For clarity, let me call a functor that is left exact in the strong sense "representably flat".

Theorem. Suppose all idempotents in $\mathcal{C}$ split. Then, the Yoneda embedding is representably flat if and only if $\mathcal{C}$ has all finite limits.

Proof. First, assume $\mathcal{C}$ has all finite limits. Let $P$ be any presheaf on $\mathcal{C}$. Recalling that a category with all finite limits is automatically cofiltered, to show that $(P \downarrow H_\bullet)$ is cofiltered, it is enough to show that it has all finite limits.
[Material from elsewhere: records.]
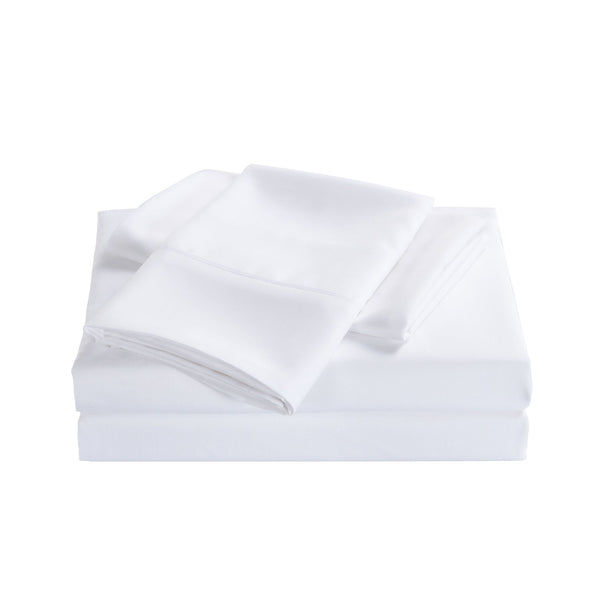 Royal Comfort 2000 Thread Count Bamboo Cooling Sheet Set Ultra Soft Bedding King White Sheets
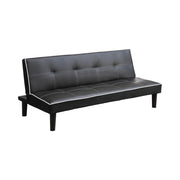 Katrina Tufted Upholstered Sofa Bed Black - Theo's Factory Direct Mattress & Furniture (Columbus, OH)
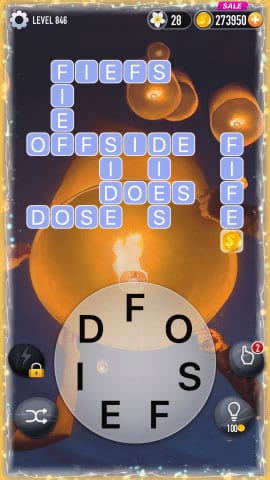 Word Crossy Level 846 Answers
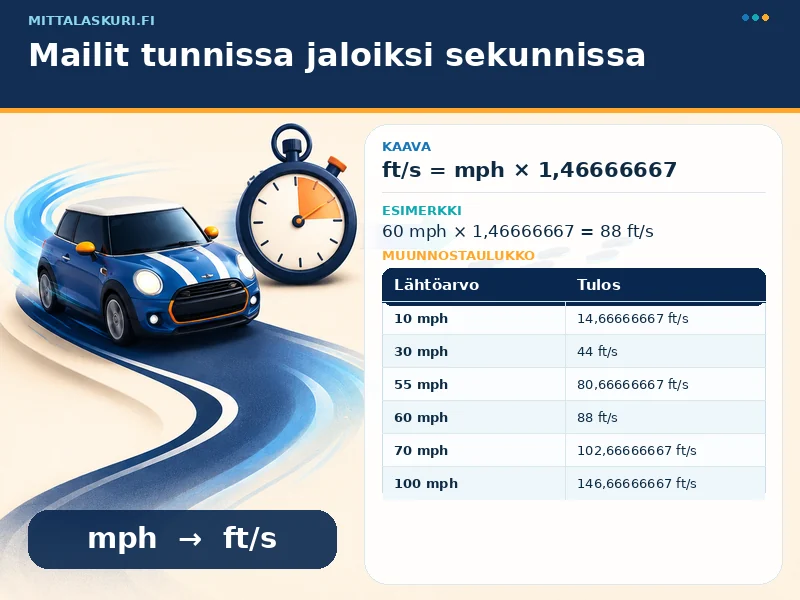 Mailit tunnissa jaloiksi sekunnissa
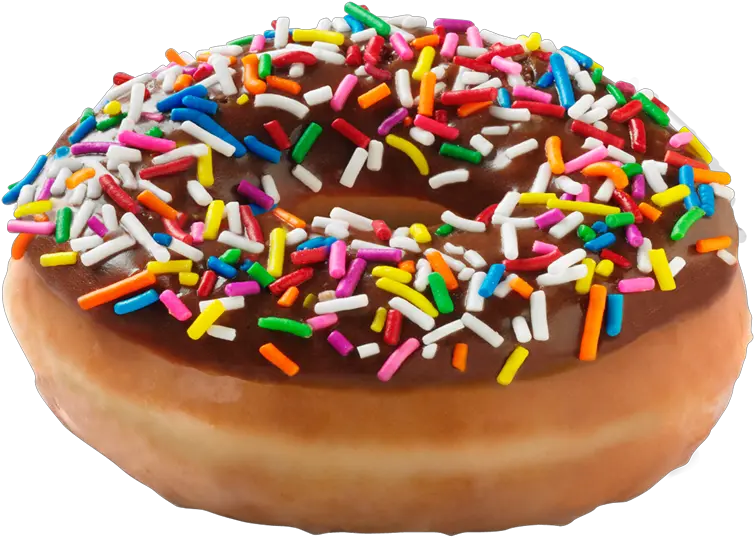 Krispy Kreme Chocolate Donut With Chocolate Covered Donuts With Sprinkles Png Sprinkles Transparent Background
But $H_\bullet$ preserves finite limits and the forgetful functor $(P \downarrow H_\bullet) \to \hat{\mathcal{C}}$ creates them, thus, $(P \downarrow H_\bullet)$ is indeed cofiltered. (This can also be shown by hand using elementary methods.)

Conversely, suppose the Yoneda embedding is representably flat. To show that $\mathcal{C}$ has a terminal object, consider the cofiltered category $(1 \downarrow H_\bullet)$. It is non-empty, so there is a morphism $1 \to H_c$. By unwinding definitions, this means we have a morphism $f_d : d \to c$ for each object $d$ in $\mathcal{C}$ such that $f_d \circ k = f_{d'}$ for all morphisms $k : d' \to d$ in $\mathcal{C}$. In particular, $f_c : c \to c$ must be idempotent and splits as $f_c = s \circ r$ for some $r : c \to e$, $s : e \to c$ such that $r \circ s = \textrm{id}_e$. Notice that we have a morphism $d \to e$ for any $d$, namely $r \circ f_d$. But for any other $g : d \to e$, we must have $$f_d = f_c \circ s \circ g = s \circ r \circ s \circ g = s \circ g$$ and therefore $r \circ f_d = g$ for all $g : d \to e$; hence $e$ is a terminal object of $\mathcal{C}$.

Now, let $x$ and $y$ be any two objects of $\mathcal{C}$. To show that $x \times y$ exists in $\mathcal{C}$, we consider the cofiltered category $(H_x \times H_y \downarrow H_\bullet)$. We already know this is a non-empty category because we have the two projections $\pi_1 : H_x \times H_y \to H_x$ and $\pi_2 : H_x \times H_y \to H_y$, but since it is cofiltered, we also get a morphism $f : H_x \times H_y \to H_c$ and morphisms $p_1 : c \to x$, $p_2 : c \to y$ such that $H_{p_1} \circ f = \pi_1$ and $H_{p_2} \circ f = \pi_2$. Unwinding definitions, this means for every pair $g : d \to x$, $h : d \to y$, there is a morphism $f(g, h) : d \to c$ such that $p_1 \circ f(g, h) = g$ and $p_2 \circ f(g, h) = h$. Moreover, for any $k : d' \to d$, we have $f(g, h) \circ k = f(g \circ k, h \circ k)$. In particular, $$f(p_1, p_2) \circ f(p_1, p_2) = f(p_1 \circ f(p_1, p_2), p_2 \circ f(p_1, p_2)) = f(p_1, p_2)$$ so $f(p_1, p_2) : c \to c$ is idempotent. Suppose $f(p_1, p_2) = s \circ r$ is a splitting, where $r : c \to e$ satisfies $r \circ s = \textrm{id}_e$. I claim $e$ is the product of $x$ and $y$ in $\mathcal{C}$, with projections given by $p_1 \circ s$ and $p_2 \circ s$. Indeed, suppose $\ell : d \to e$ is any morphism such that $p_1 \circ s \circ \ell = g$ and $p_2 \circ s \circ \ell = h$. Then, $$r \circ f(g, h) = r \circ f(p_1 \circ s \circ \ell, p_2 \circ s \circ \ell) = r \circ f(p_1, p_2) \circ s \circ \ell = r \circ s \circ r \circ s \circ \ell = \ell$$ as required for a product.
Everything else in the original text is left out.